Direct Digital and Computed Radiography

The technology that led to the development of detectors for CT found another application. If film could be replaced in conventional radiography, it would eliminate a number of problems. The same type of postprocessing procedures applied in CT imaging could be employed to eliminate repeat films. Once film was no longer used as the image receptor, wet processing would be a thing of the past. Imaging departments would no longer need to pay for maintenance of automatic processing units. It would no longer be necessary to recover silver from used fixer. In fact, with the processor gone, the space it occupied could certainly find a more profitable use.

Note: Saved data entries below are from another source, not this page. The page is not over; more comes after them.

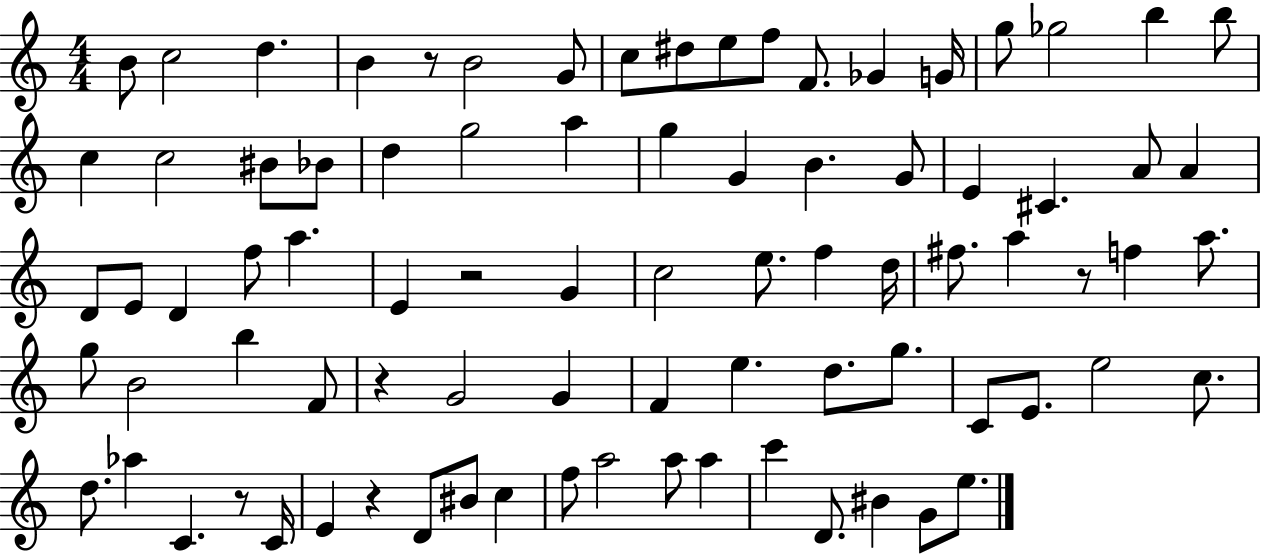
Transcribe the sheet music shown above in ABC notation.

X:1
T:Untitled
M:4/4
L:1/4
K:C
B/2 c2 d B z/2 B2 G/2 c/2 ^d/2 e/2 f/2 F/2 _G G/4 g/2 _g2 b b/2 c c2 ^B/2 _B/2 d g2 a g G B G/2 E ^C A/2 A D/2 E/2 D f/2 a E z2 G c2 e/2 f d/4 ^f/2 a z/2 f a/2 g/2 B2 b F/2 z G2 G F e d/2 g/2 C/2 E/2 e2 c/2 d/2 _a C z/2 C/4 E z D/2 ^B/2 c f/2 a2 a/2 a c' D/2 ^B G/2 e/2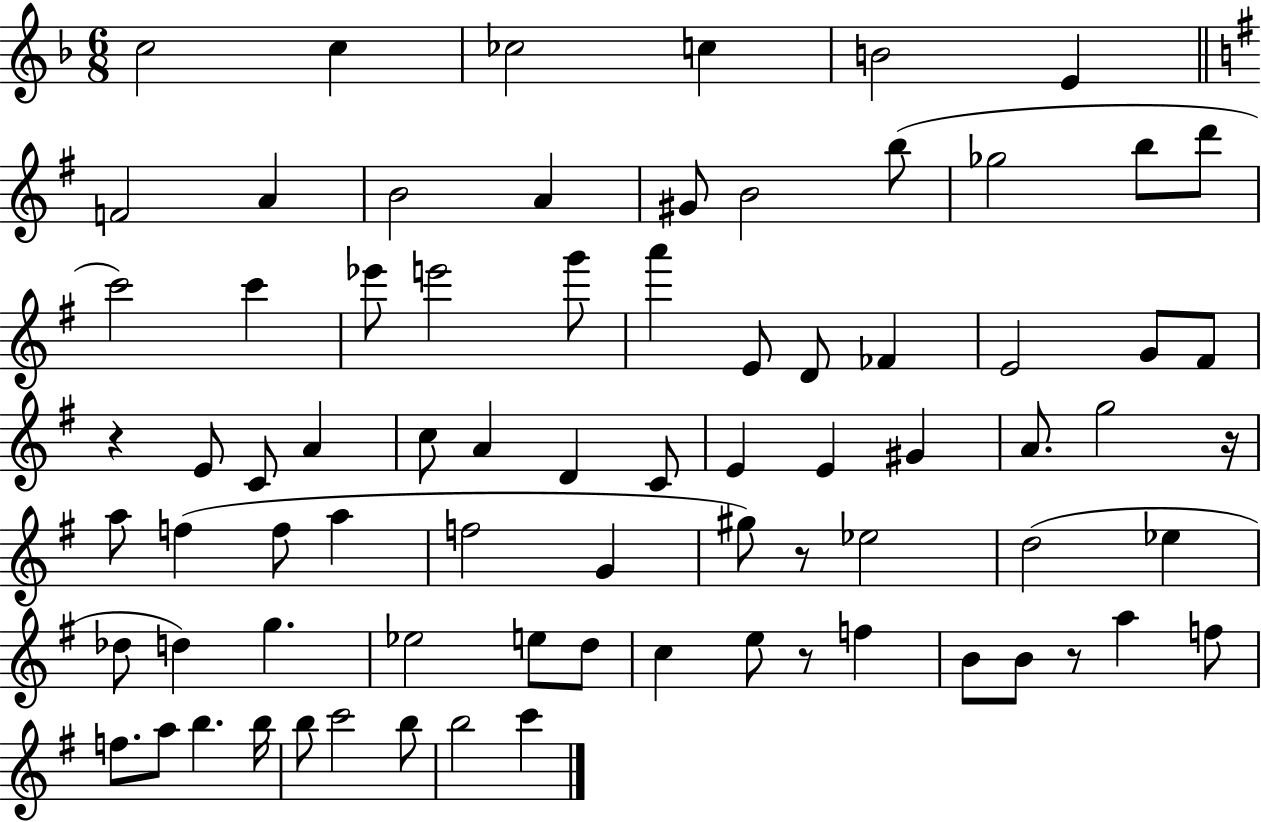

Two approaches were employed to solve the problem. The first, more commonly referred to today as direct digital radiography or DR, was created employing an early, second-generation CT unit design. General Electric Medical Systems termed the unit Scan Projection Radiography (SPR), and used a high collimated fan beam x-ray source that moved in conjunction with a linear detector array moving across the patient (Bushong 2008). The principal disadvantage of SPR was the several seconds required for the "translate" motion across the patient to acquire the image. The long acquisition time frequently failed to eliminate patient motion. To eliminate the problem, another approach was developed. The fan beam was replaced by an area beam that would cover a 14 x 17 in. (35 x 43 cm) area, and the linear detector array was substituted by one of two technical approaches to image acquisition. The first, known as a charge-coupled device or CCD, was composed of either amorphous silicon or a selenium-based material and directly generated electrical impulses proportional to the x-rays incident on the detector. Many CCDs are electrically linked together to form a matrix. The second approach, promoted by Canon, employs "complementary metal oxide semiconductor" (CMOS) microprocessors that convert light to an electrical signal. A matrix of CMOS devices requires less power consumption than the CCD approach. Both CCD and CMOS systems are directly linked to a computer that processes the data and within several seconds of the exposure, the image appears on the monitor.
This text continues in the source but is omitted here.